Mon pourboire diminuera-t-il davantage avec l’âge?
Oui, le vieillissement de la pointe implique un affaiblissement des supports et une réduction de l'élasticité de la peau, avec une perte de rotation d'environ 1 à 2° par décennie. Après l’intervention chirurgicale, la pointe est stable pendant 5 à 10 ans, mais une certaine dérive à long terme est normale.
La ptose de la pointe est-elle traitée lors d'une rhinoplastie?
Oui, la correction du ptosis de la pointe est un élément standard de la rhinoplastie primaire. Strut, SEG, dépresseur, garniture caudale sont choisis au cas par cas. Ainsi, même « enlever simplement ma bosse dorsale » implique généralement de planifier la rotation de la pointe.
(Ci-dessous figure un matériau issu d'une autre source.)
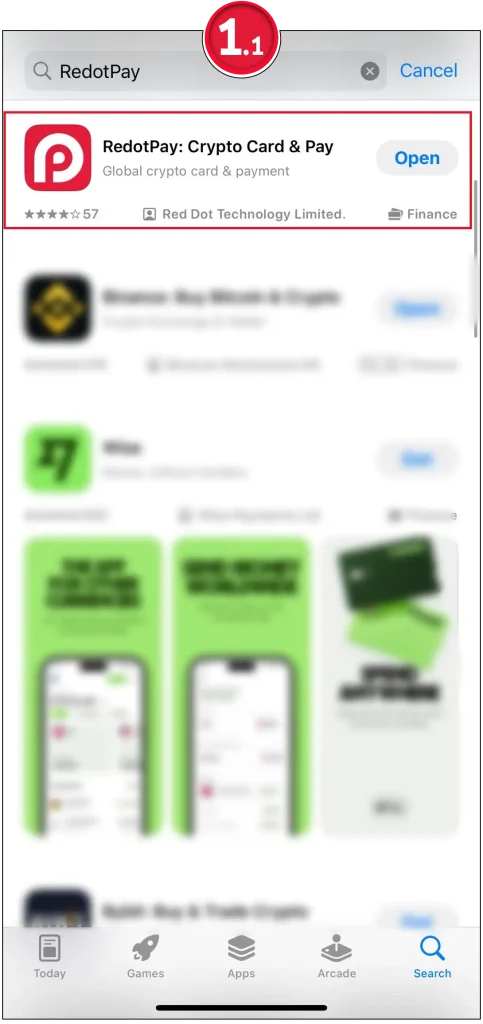 Step 1.1 for RedotPay in 2025: Finding and downloading the RedotPay Crypto Card & Pay app from the app store.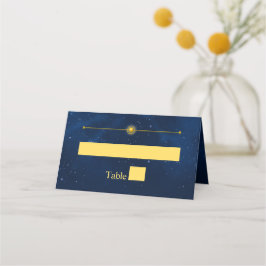 Celestial Guld Stars Midnight Blue Romantic Placeringskort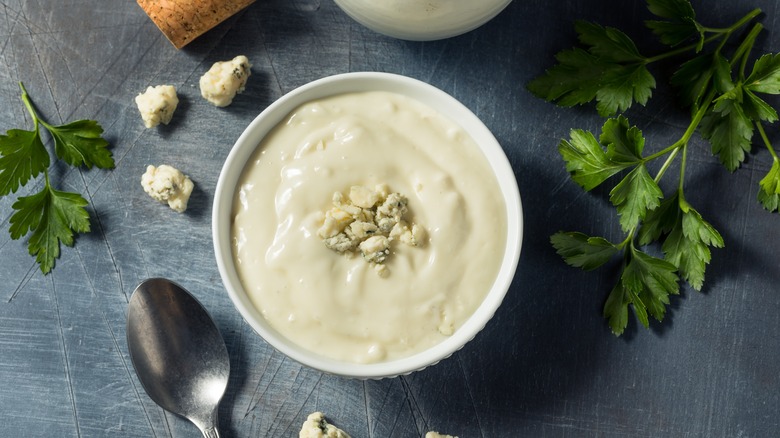 bowl of blue cheese dressing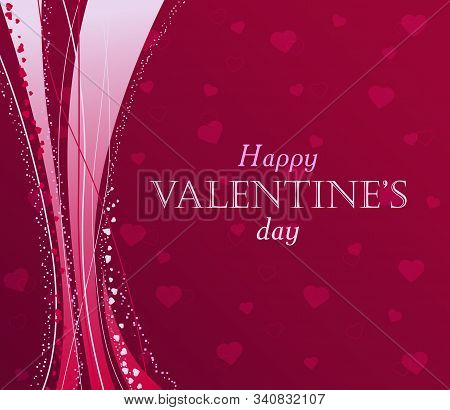 Pink Valentines Card With Abstract Background And Hearts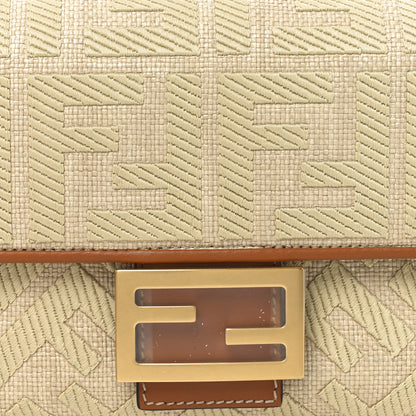 Fendi Raffia Vitello King Lucido FF Embroidered Baguette Alchemy Brandy 8 of 11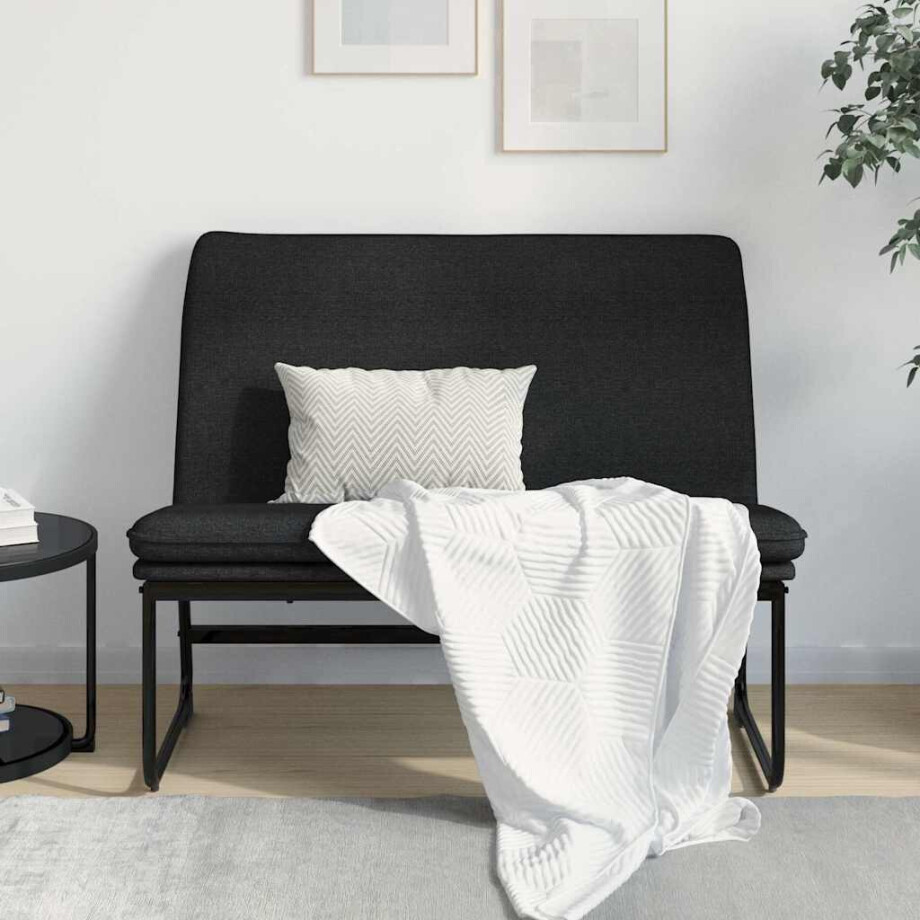 vidaXL Bankje 100x75x76 cm stof zwart afbeelding 1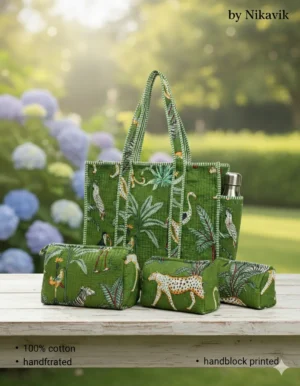 Green Cotton Premium & Elegant Hand Block Print Quilted Tote Bag With 3 Pouches Set For Women (Set Of 4)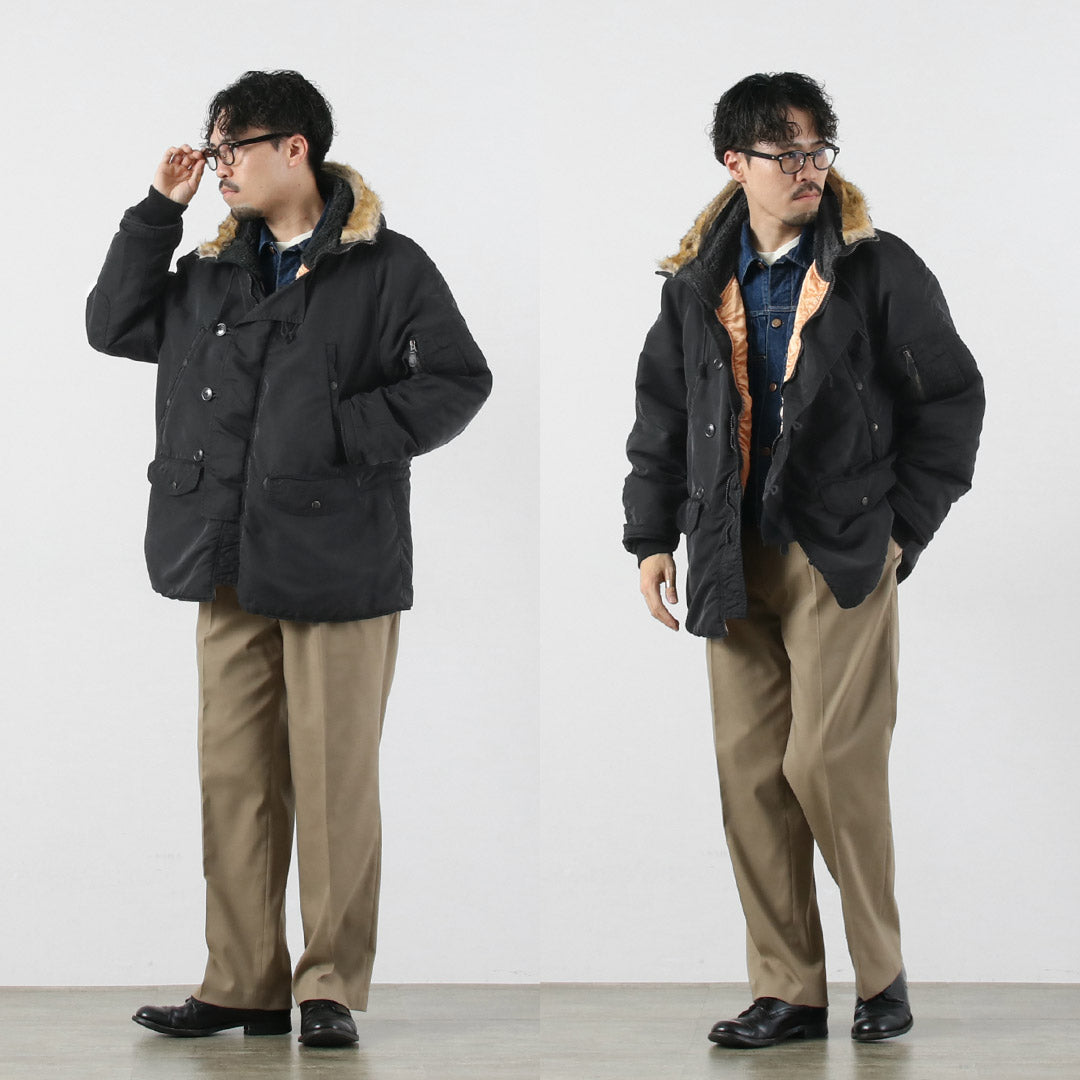 REMI RELIEF / Recycled Nylon Twill N-3B Eco Fur Jacket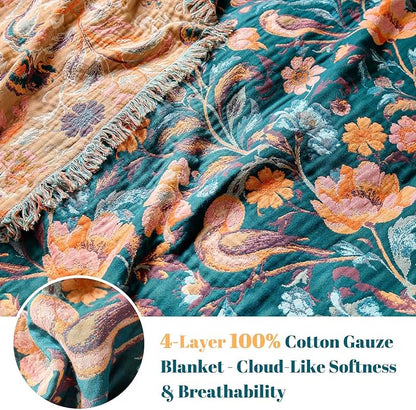 MSGKV Boho Throw Blanket for Couch 50"x60" Cotton Birds Floral Blanket Sofa Chair Blankets Muslin Spring Breathable All Seasons Lightweight Farmhouse Blankets Home Decor
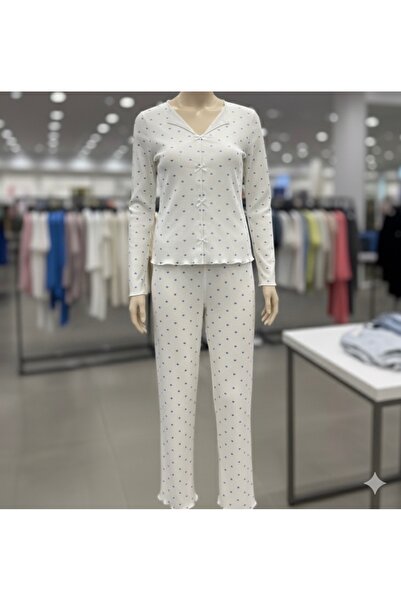 Sude Mavi Kalpli pijama takımı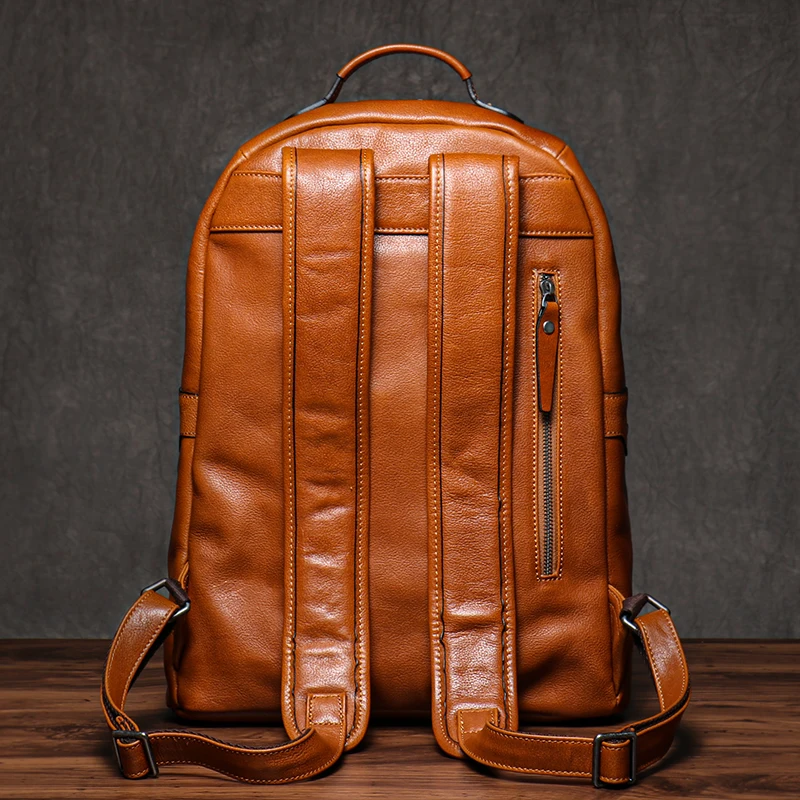 ROOG High Quality Backpack Men's Real Leather Business Knapsack Women Schoolbag weekends Travel Computer Bags For 16 Inch Laptop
Une pointe tombante provoque-t-elle des problèmes respiratoires?
Une pointe nettement abaissée peut modifier le flux d’air et produire une obstruction en position couchée. Certains patients constatent une amélioration de la respiration lorsqu'ils soulèvent l'embout (« manœuvre de Cottle » — un test limité). Si tel est le cas, une indication fonctionnelle est présente.
La correction du ptosis de la pointe est-elle plus difficile en cas de rhinoplastie de révision?
Oui, les cas de révision sont techniquement plus difficiles que les cas primaires. Le tissu cicatriciel, le déficit cartilagineux et les modifications chirurgicales antérieures compliquent la reconstruction de la pointe. Le cartilage auriculaire ou costal est souvent utilisé.